C’était à cette époque, au début des années 80, qu’il a commencé à fréquenter un groupe de la «Jamaâa islamia». Affecté à Nador pour son premier emploi, il en a profité pour apprendre le rifain, monter un groupe de prédication dont les activités s’étendaient à Melilla et entamer une carrière parallèle de prédicateur et imam-prêcheur du vendredi. «J’ai appris le tarifit sur le tas grâce à un compagnon qui me disait qu’il éprouvait des difficultés à parler darija de bon matin.
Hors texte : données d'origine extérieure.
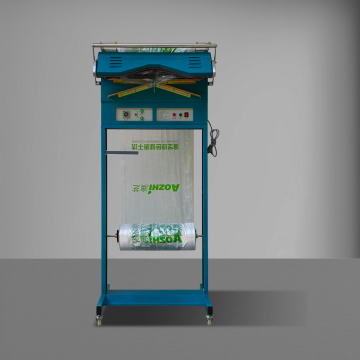 Dry Cleaning Shop Garment Suit Packing Machine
Pour beaucoup de gens, ça faisait un peu bizarre de voir un fassi de pure souche parler aussi couramment le rifain». De son séjour à Nador, qui a duré 13 ans, il a également acquis sa réputation d’informaticien du mouvement islamiste. Depuis qu’il a acquis son premier ordinateur à crédit auprès d’un membre du groupe islamique installé à Melilla, il n’a plus renoncé à l’usage de la technologie de l’information aussi bien dans l’enseignement que dans la gestion des affaires de l’antenne de Nador de ce qui allait devenir plus tard le MUR. «C’est de cette époque qu’est née ma relation dialectique avec la technologie», confie-t-il. Cela au point que l’image que ses «frères» retiennent le plus souvent de lui est celle d’un homme emmêlé dans les câbles d’un PC.
Évidemment, comme on ne peut pas parler du MUR sans évoquer le PJD, il est difficile de parler du président du mouvement sans faire référence au secrétaire général du parti. On laissera cependant de côté le grand débat sur les liens entre le parti et sa matrice idéologique qu'il a longuement évoqué. Par contre, et malgré le fait que les deux hommes se fréquentent depuis quarante ans, il est rare qu’ils soient d’accord. «Avec Benkirane, nous avons des avis et des positions diamétralement opposés sur un grand nombre de questions», reconnaît-il. Dans l’une de ses questions, l’hebdomadaire a d’ailleurs relevé que Benkirane n'était pas totalement d’accord avec le fait qu’il soit élu à la tête du MUR.
Effectivement, dit Aous Remmal, Benkirane n'était pas très enthousiaste à l’idée de le voir aux commandes du mouvement. Benkirane aurait, en effet, préféré voir un certain El Houcine El Mous, aux humeurs plus pondérées, qu'un Aous Remmal plutôt connu pour la rudesse de caractère à la tête du MUR. Ce n’est peut-être pas uniquement cela qui inquiéterait Benkirane. Le nouveau président du MUR, il vient de l’affirmer, n’est, en effet, pas contre la révision du fameux «partenariat stratégique» qui lie le mouvement au parti.